The answer is clear – they won’t.

For a long time, newspapers were excellent businesses.  The families that ran them became fabulously wealthy and pillars of their communities. It was possible for relatively small communities to have their own dedicated publications and journalists covering local events while turning a profit.

Those days are long gone. Newspapers today are shuttering right and left.  They used to rely on advertising revenue from classifieds – which no longer exist.  This has formed ‘news deserts’ in many parts of the country.  Local online news sites have been unable to generate enough ad revenue to survive – see Patch.  While blogs and commentators proliferate, people are increasingly left ignorant about the goings-on in their communities.

In a democracy, it’s vital that people have access to quality information.  The fact that journalism is no longer market supported doesn’t change the fact that it serves a crucial public function.  The challenge now is to manage the transition from independent for-profit companies to a new model.

As President, I will take this challenge head-on.

First, I will initiate a Journalism Fund to support the transition from independent for-profit businesses to non-profits supported by citizens, local institutions, philanthropy, and government.  This Fund will be operated out of the FCC and will make grants to local media outlets, non-profits, libraries and public-private partnerships to help local newspapers, periodicals and websites transition to sustainability, generally matching existing funds and resources.
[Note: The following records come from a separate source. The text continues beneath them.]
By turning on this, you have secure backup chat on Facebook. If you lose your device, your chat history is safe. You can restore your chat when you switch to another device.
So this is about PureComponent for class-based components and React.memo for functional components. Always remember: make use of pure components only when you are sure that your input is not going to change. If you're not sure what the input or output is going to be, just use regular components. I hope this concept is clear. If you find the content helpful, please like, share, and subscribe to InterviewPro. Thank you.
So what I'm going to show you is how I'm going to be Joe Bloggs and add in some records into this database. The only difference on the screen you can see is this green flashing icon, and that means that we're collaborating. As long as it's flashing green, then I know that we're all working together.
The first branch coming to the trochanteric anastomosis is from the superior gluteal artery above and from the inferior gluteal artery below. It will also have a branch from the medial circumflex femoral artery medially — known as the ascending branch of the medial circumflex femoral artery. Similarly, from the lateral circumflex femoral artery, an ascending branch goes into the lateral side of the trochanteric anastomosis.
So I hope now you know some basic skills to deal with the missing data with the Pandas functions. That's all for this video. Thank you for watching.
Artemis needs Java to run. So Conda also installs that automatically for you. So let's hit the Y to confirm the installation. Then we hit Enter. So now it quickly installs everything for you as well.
Public libraries in particular can play an important role here – many already have community bulletin boards where people find out about local events.

Second, I will found a National Journalism Fellows program that will invest in journalists in and from every state in the country.  Fellows would be nominated by an industry body and selected by a nonpartisan commission.  Each State would have as many Fellows as Congressmen (3 for Wyoming, North Dakota, and Alaska, all the way up to 55 for California).  They would each be funded by a multi-year grant and stationed at a local news organization.   Their Fellowship would be contingent on their reporting from a given district and state but immune from any other influence.
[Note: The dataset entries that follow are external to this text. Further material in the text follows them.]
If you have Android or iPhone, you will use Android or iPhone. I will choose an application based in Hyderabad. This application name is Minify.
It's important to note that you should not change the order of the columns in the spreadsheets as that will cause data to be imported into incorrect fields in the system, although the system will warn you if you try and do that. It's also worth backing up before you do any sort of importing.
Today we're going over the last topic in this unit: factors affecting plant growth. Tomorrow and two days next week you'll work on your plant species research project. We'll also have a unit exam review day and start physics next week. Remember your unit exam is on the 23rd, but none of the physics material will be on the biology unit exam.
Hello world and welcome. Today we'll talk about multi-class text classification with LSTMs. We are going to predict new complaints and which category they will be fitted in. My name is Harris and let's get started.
Third, I would include Journalism and Reporting as functions that are rewarded by a new Digital Social Currency that rewards people for taking actions that benefit their community. This currency would have real monetary value and thus would allow more writers and bloggers to pursue stories that educate the public.  Readers could reward journalists with micropayments using this new currency, providing a new means of support.
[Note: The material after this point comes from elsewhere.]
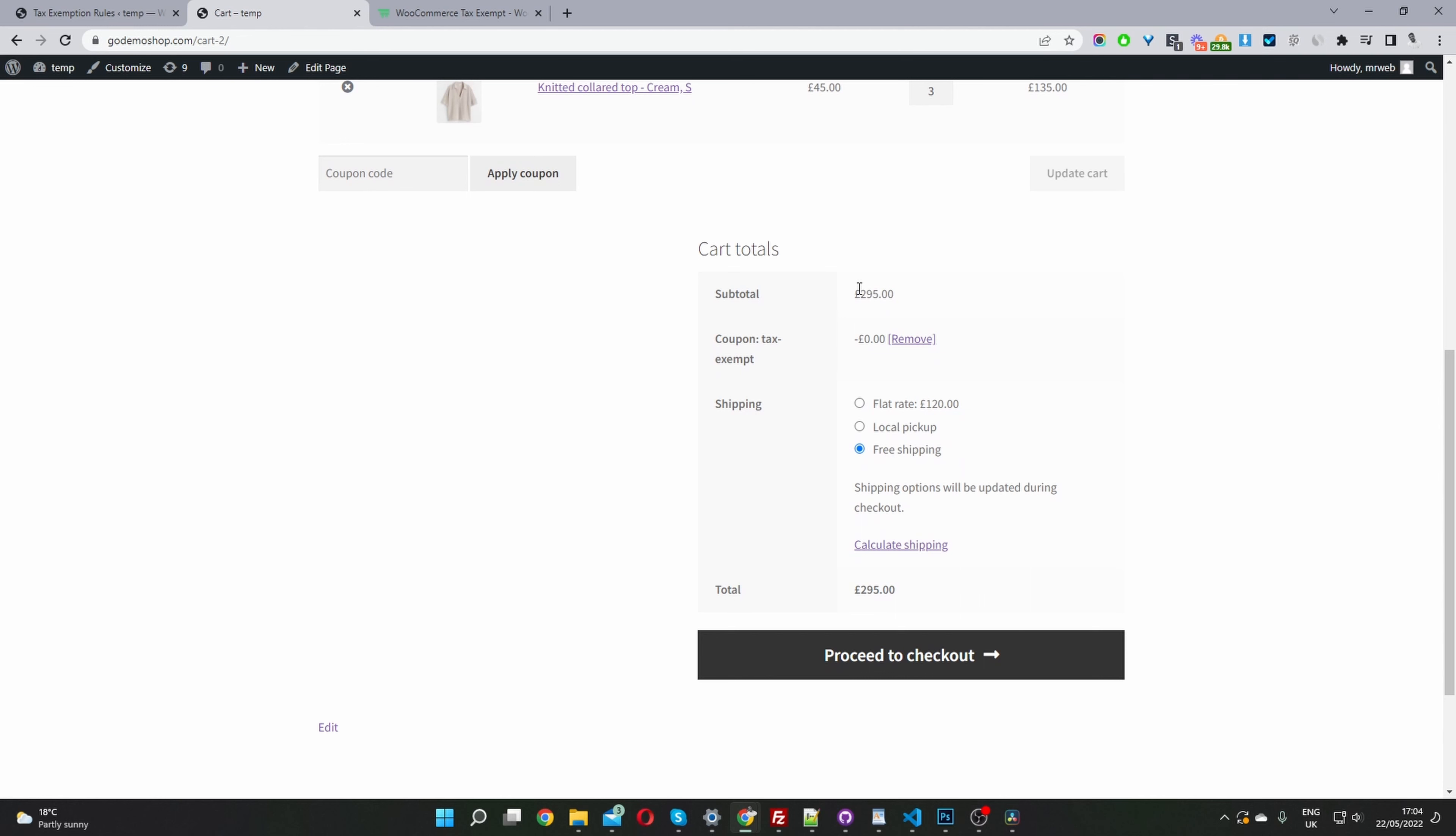Before we've seen users trying to hack their way into the system by creating, for example, if the tax was 20%, they'll create a 20% discount, but it just creates a whole mess when it's time to do your accounting. So it just makes sense to just do it this way.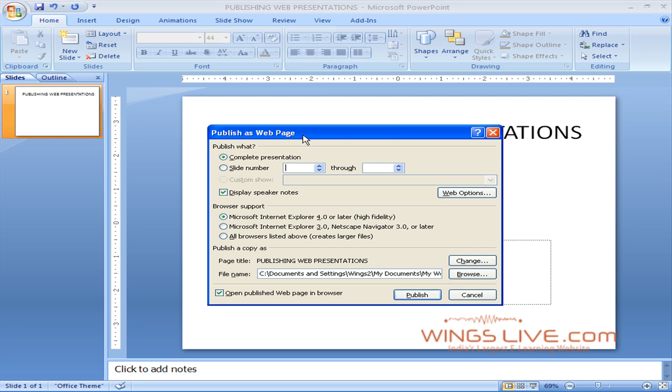The Publish as Web Page dialog box appears. To publish your full presentation, in the Publish What section, select the Complete Presentation option.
There is much more that we can do.  Journalism is a vital profession for a functioning democracy.  We need hundreds of reporters digging into complex issues and stories to find the truth and share it with our citizens.  If the market won’t support these activities, it’s up to us to evolve and find new ways to support it as a society.

What’s happening to journalism is a microcosm of other changes in our economy.  The market has reduced the value of investigative reporting while rewarding ‘clickbait’ articles and bids for web traffic.  Our trust in media is eroding in part because media companies are responding to financial incentives that debase the quality of their reporting.

We can easily supercede the market on this – other countries fund public media outlets that are world-class.  There is no reason that we cannot fund high-quality journalism in the United States.  We are bigger than the market.  We simply need the conviction and leadership to do so.